I do not think that people are going to get Ethereum apps and bitcoin apps and stock out. Instead, they will get blockchain apps. Inside those apps, there will be functions called under for chains and transactions processing them on many infrastructures behind the scenes. From the application perspective, people will not care what chain they are on. This is our view of the future, so the missing piece for this view to be possible is AION interoperability.

I can build an application with some logic on Ethereum, some assets from AION, some triggering of transactions on bitcoin. From the user’s perspective, it is all a single application. All of its logic is managed in a decentralized app. One trade off we did not want to make is centralizing any part of this architecture, so it is all very decentralized.

Bianca: As far as I know, scalability is a big issue for many chains. What is your opinion on scalability?

Matthew: I probably have a different perspective from many projects in this space because one thing that I have seen is a huge trend towards talking about performance, transactions per second and scalability from a transaction layer. Since performance today is sacrificing the decentralization or sacrificing some other layers of the architecture, I’m afraid that we are making the wrong tradeoffs too early in the industry to be talking about performance. In most cases if people dive into these architectures, they have made tradeoffs to make that network less decentralized.

Consequently, data integrity requires less trust. Our primary focus today are decentralization and system integrity, and then we will optimize for performance in the future. In my opinion, this is the right approach right now. Since if people only focus on performance, there are much better systems for performance than blockchains, they can go build at centralized technologies.

Although we have been focusing mostly on security and system integrity, we have already been able to do optimizations off of other public networks in our current stage. We have already done better performance level public networks, so we are not worried about how to get to a million transactions per second right now.

Bianca: Why is decentralization so important?

Matthew: This is a step by step process towards what we call the decentralized Internet. The decentralized internet is a more accessible and more equitable network where people can participate regardless of their country and currency and where we have less barriers to entry. The evolution of the Internet over the past 20 years has made the network a very centralized system. System that relies on Baidu, Google, Facebook, Amazon and a few companies, may be the 10 companies around the world that own the majority of the infrastructure of the Internet.
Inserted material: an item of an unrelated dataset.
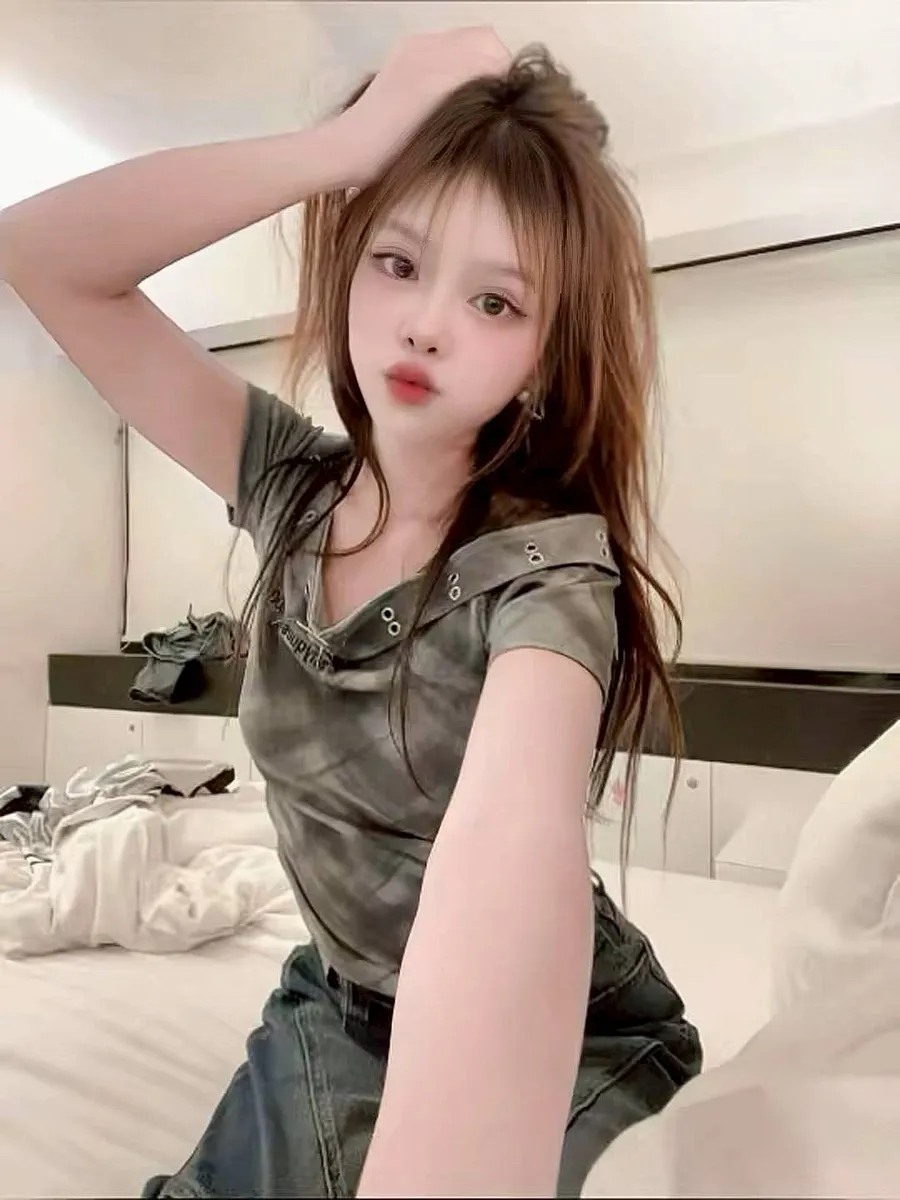 歐米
Over the course of the last several decades, we have all made tradeoffs. We get tradeoffs of data privacy, of ownership, of all kinds of things. Now people start to ask questions like why they did not realize that they were giving all kinds of data for free just to use the service, so we think that there is a chance to rethink the architecture. The decentralized internet is a way to recreate economics, such that the network and the infrastructure is owned by the world instead of technology companies.

We believe that if we can re-architect fundamentally from the ground up, it will be more equitable and more accessible system for all of the people around the world including those who never got into the financial system and who never got into the Internet.